The three providers below are illustrative, not a ranking. Each plays a distinct role in the small Jeddah francophone education market.

Lycee International Jean Mermoz de Jeddah, the single AEFE-network school in the city, runs the full French national curriculum from maternelle through to terminale. The school sits in the Al Hamra district and serves a mix of French passport holders, Saudi-French dual nationals, Lebanese, Tunisian, Moroccan and Algerian families. Average baccalaureat results sit in the 88 to 92 per cent pass band with strong placement into Paris-based universities and grandes ecoles preparatory classes back in France.

Alliance Francaise Jeddah, the cultural and language partner of the French embassy, does not run a school timetable but offers after-school and weekend French tuition for children attending English-medium international schools. This is the most common solution for francophone families who arrive after the Lycee main admissions window and find places full.

Cours Pi and CNED distance providers are used by around 30 to 40 Jeddah families a year, mostly in cases where the parents are on a 1 to 2 year contract in Saudi Arabia and plan to slot their child back into a French lycee on return. The child typically attends an English-medium school by day and completes CNED material in the evenings under parental supervision, with a structured French baccalaureat examination booked at the French consulate or a third country.

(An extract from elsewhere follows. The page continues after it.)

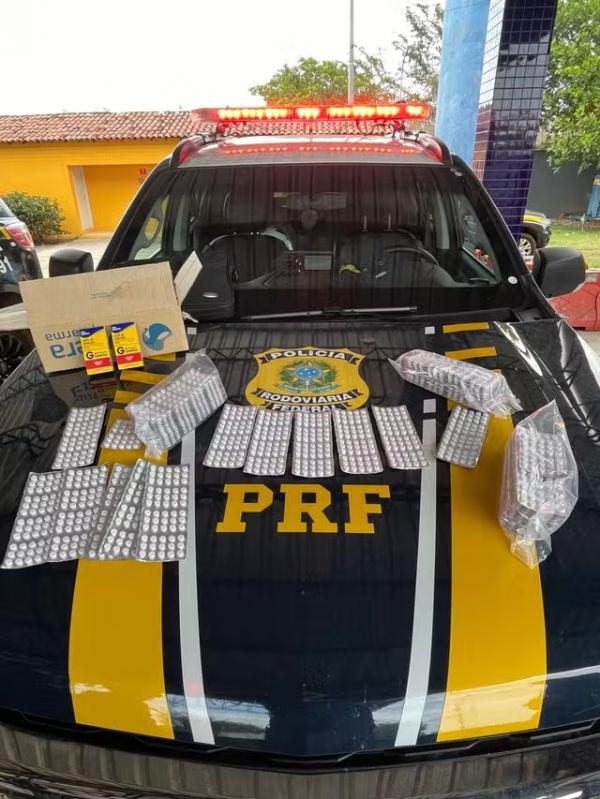 PRF apreende 3 mil comprimidos de remédios com substância para perda de apetite.(Imagem:Policia Rodoviária Federal)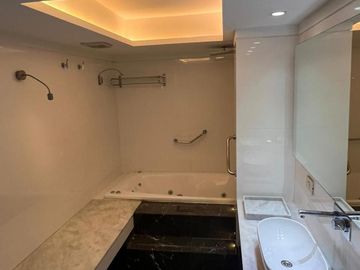 Departamento 4 ambientes con patio frente al Polo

Where French families live

The francophone community in Jeddah clusters around Al Hamra and Al Rawdah, both central residential districts with established villa compounds and reasonable proximity to the Lycee Jean Mermoz. Older French expatriates often live in independent villa rentals along the Tahlia Street axis, while newer arrivals on engineering, construction or healthcare contracts gravitate to the compound housing along the northern Corniche where compounds offer pool and gym facilities behind security gates.

Jeddah's French community is smaller than its Riyadh counterpart by roughly half, with around 1,800 registered French passport holders in the western region according to consulate figures, against 3,200 in the central region around Riyadh. The community is closely-knit, with the Alliance Francaise running a weekly Saturday cafe meet and a strong WhatsApp parents group used by families to coordinate transport, hand down uniforms and pass on information about local services. Our Jeddah neighbourhoods guide gives a fuller picture of the residential geography.

Admissions and the baccalaureat pathway

The Jeddah school year runs August to June, matching the Saudi national calendar. Lycee Jean Mermoz applications for the August 2026 academic year opened in October 2025 and closed for the main intake by February 2026. The school maintains a waiting list, with mid-year transfers possible up to fin de cinquieme (Year 8 equivalent) but progressively more difficult thereafter. Premier and terminale transfers are essentially impossible because the baccalaureat coursework, controle continu marks and subject specialisation are already locked in.

The baccalaureat itself follows the post-2021 French reform structure with two specialty subjects in premiere narrowing to two specialties plus an optional third in terminale. Most Jeddah francophone families take the standard mix of mathematics, physics-chemistry and either history-geography or sciences economiques et sociales. The Saudi Ministry of Education requires the school to deliver Arabic Language for all Arab nationals and Islamic Studies for all Saudi nationals, which is layered on top of the standard French timetable for the relevant pupils.

Frequently asked questions

How many French curriculum schools are there in Jeddah?

Jeddah has one AEFE-network school, the Lycee International Jean Mermoz, plus a few private French language sections inside larger international schools and the Alliance Francaise after-school provision. There is no second full Lycee in the city, so families needing French-medium baccalaureat education essentially have one school choice with CNED distance learning as the fallback.

How much does the Lycee Jean Mermoz cost?

Annual tuition runs from around SAR 28,000 in maternelle through to SAR 55,000 in terminale. French passport holders may apply for an AEFE bourse scolaire through the French consulate, which is means-tested and can reduce fees substantially. Registration is around SAR 5,000 and the cooperative fee covering trips and materials adds a few hundred riyals a year.

Does the Lycee deliver the French baccalaureat?

Yes. The Lycee Jean Mermoz is homologated by the French Ministry of Education and follows the post-2021 baccalaureat structure with two specialties in terminale, the grand oral and the mathematics common core. Pass rates sit in the 88 to 92 per cent band and placement into French universities is strong, including occasional grandes ecoles preparatory class admissions.

Can francophone families live outside Al Hamra?

Yes, but the school does not run dedicated school buses to all parts of Jeddah, so families living in Obhur or the far north of the city face a 30 to 40 minute commute each way. Most French families settle in Al Hamra, Al Rawdah or the central Tahlia Street axis to minimise the school run, with some compound options at Cinnamon and Movenpick on the northern Corniche.

What happens if my child does not get a Lycee place?

Two common paths exist. Families either enrol the child in an English-medium school such as JKIS or BISJ with after-school French tuition through the Alliance Francaise, or they run a parallel CNED distance learning programme in French alongside an English-medium school day. The CNED route preserves French syllabus continuity for families returning to France within 2 to 3 years.